1999 yılının başından itibaren Euro ülkesinde sadece Euro para birimi var, ancak belirli parçacıklara bölünmüş durumda. Ulusal para birimleri uluslararası para birimlerinden kaybedilmekte ve Euro yerine konmaktadır. Son kısım: 1 Ocak 2002 - 30 Haziran 2002 tarihleri ​​arasında, ulusal para birimleri kamusal kullanımdan çekildi ve Euro para kazancı ve madeni paralar getirildi.
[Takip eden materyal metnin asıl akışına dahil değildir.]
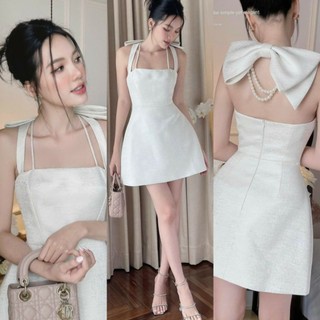 Đầm trắng phối dây buộc nơ kết chuỗi ngọc hở lưng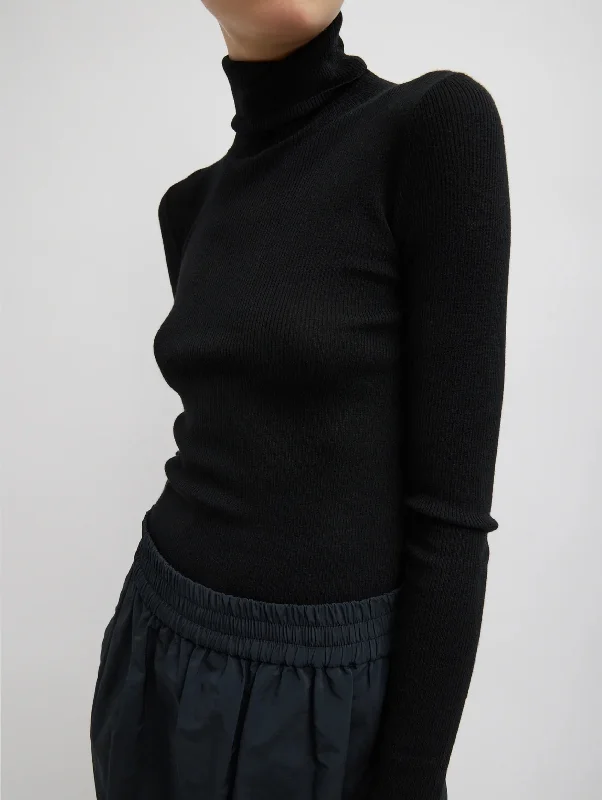 Trendy Fashion For Women Feather Weight Ribbed Turtleneck Sweater in Black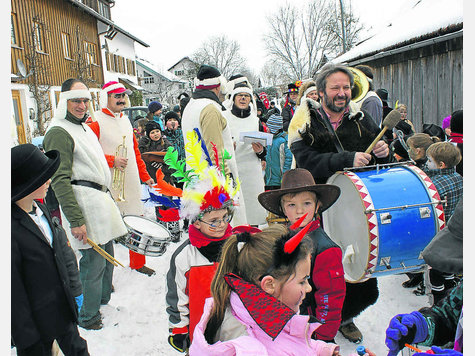 Stimmung herrschte auf Raistings Stra&szlig;en beim Kinderumzug. foto: Straub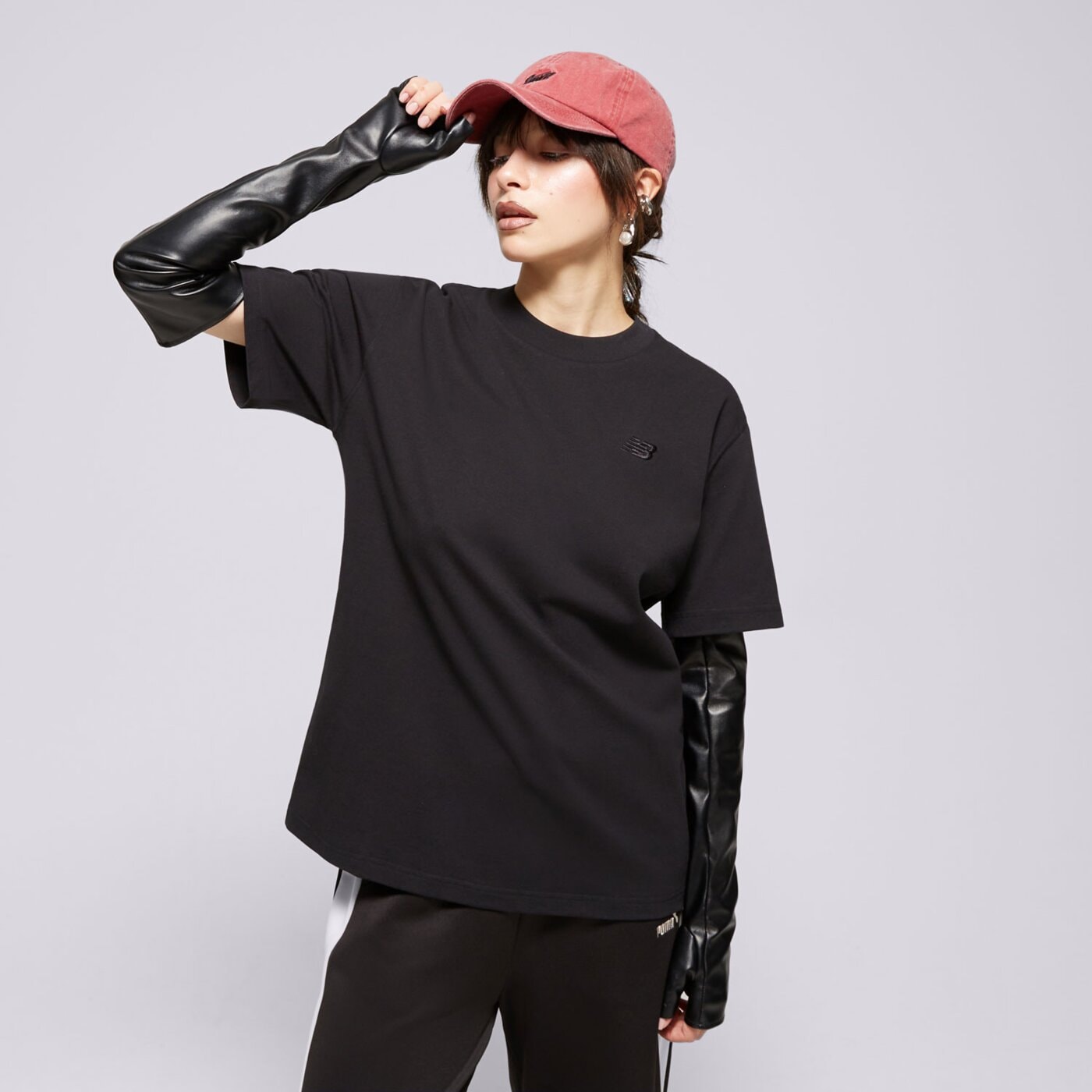 Koszulka damska NEW BALANCE T-SHIRT ATHLETICS JERSEY wt41501bk kolor czarny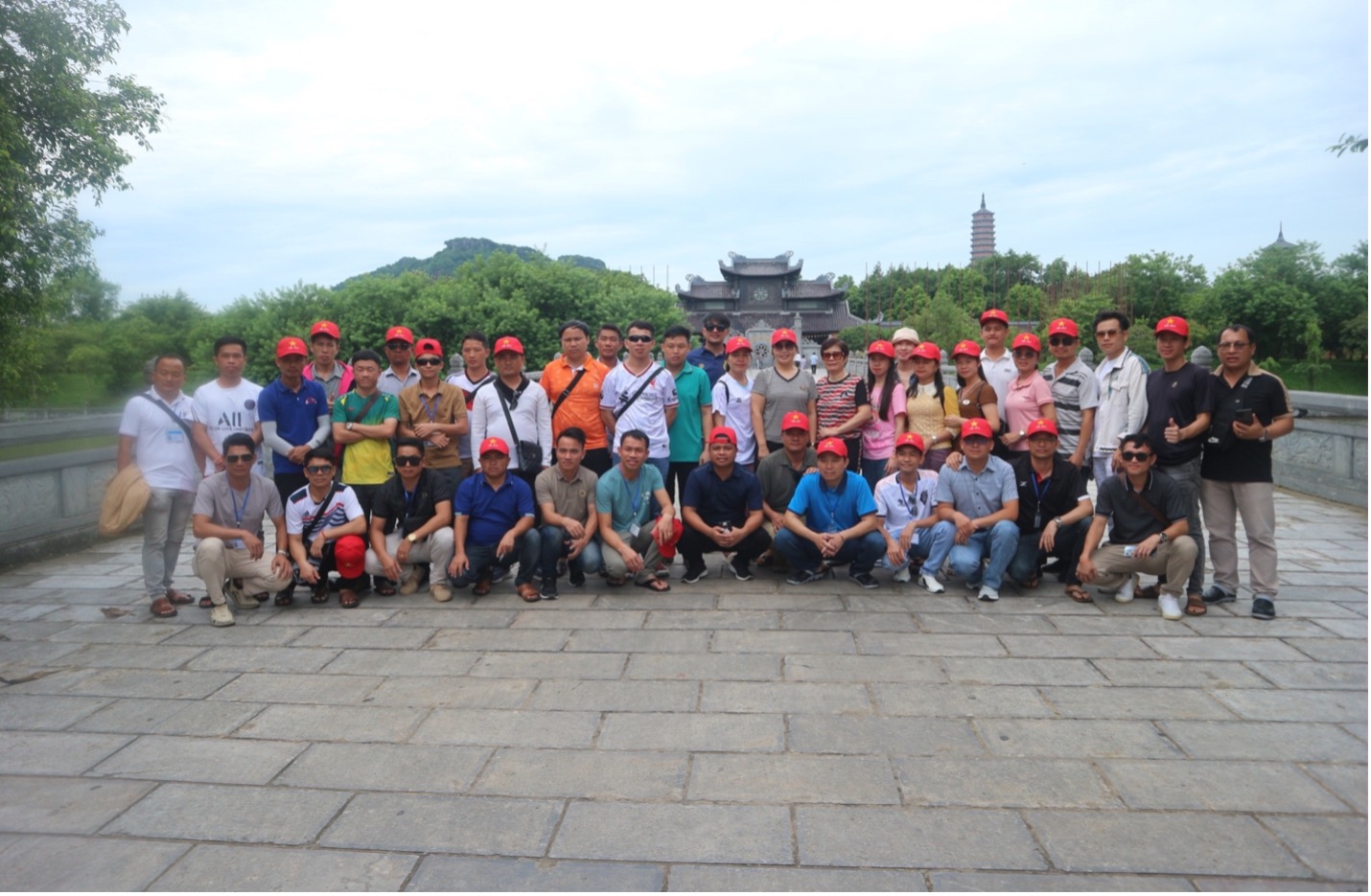 Lưu học sinh các lớp dự bị tiếng Việt tham quan thực tế học tập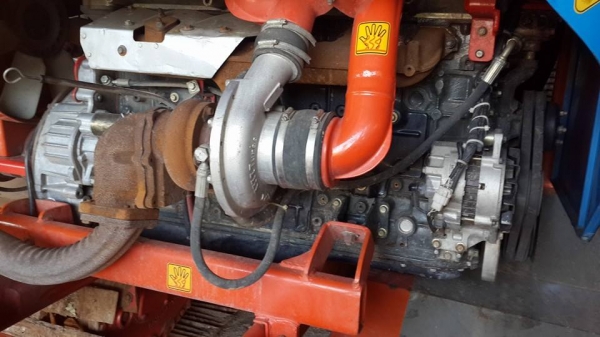 ขายรถเกี่ยวข้าว ศักดิ์พัฒนา SS510มาร์ค2 เครื่องมิตซู260 เทอร์โบ ช่วงล่างเต็ม เครื่องดี สภาพพร้อมลงงาน ตู้ดีสภาพพร้อมใช้งาน ขายรถเกี่ยวข้าว ศักดิ์พัฒนา SS510มาร์ค2 เครื่องมิตซู260 เทอร์โบ ช่วงล่างเต็ม เครื่องดี สภาพพร้อมลงงาน ตู้ดีสภาพพร้อมใช้งาน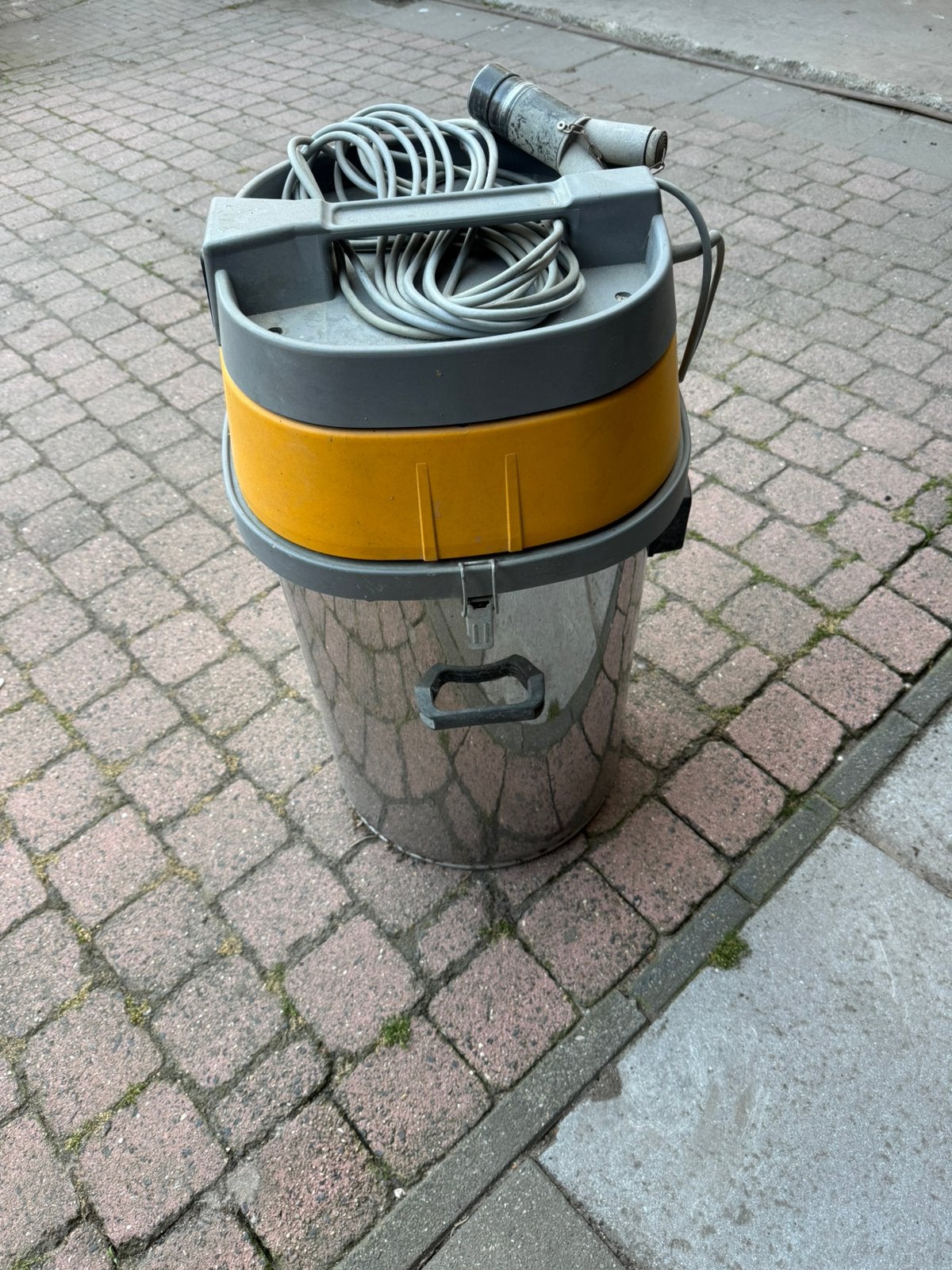 Idustriele stof zuiger 2 motoren, Ophalen of Verzenden, Zo goed als nieuw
1 Ocak 2002’de, bankalardaki ulusal para birimlerindeki tüm tasarruflar Euro’ya çevrilmiştir. Fiyatlar sadece Euro cinsinden görüntülenmektedir. Ulusal para birimleri ancak son bölümün sonuna kadar kullanılabilir; 1 Temmuz 2002’den itibaren Euro, Euro’daki tek yasal para birimidir.

Euro'nun tanıtımı sadece Avrupa tarihinde değil aynı zamanda Dünya tarihinde de en önemli olaylardan biridir. Tamamıyla büyük bir ekonomik potansiyel olan bir düzine Avrupa ülkesi buna katılıyor.

Uluslararası ticaretteki rolleri ve finansmanları nedeniyle bu girişimin başarısı hepimize fayda sağlayacaktır. Euro'nun istikrarını ve işlevselliğini sağlamak için gerekli tüm adımlar atılacaktır. Ancak o zaman Euro uluslararası saygı kazanacaktır.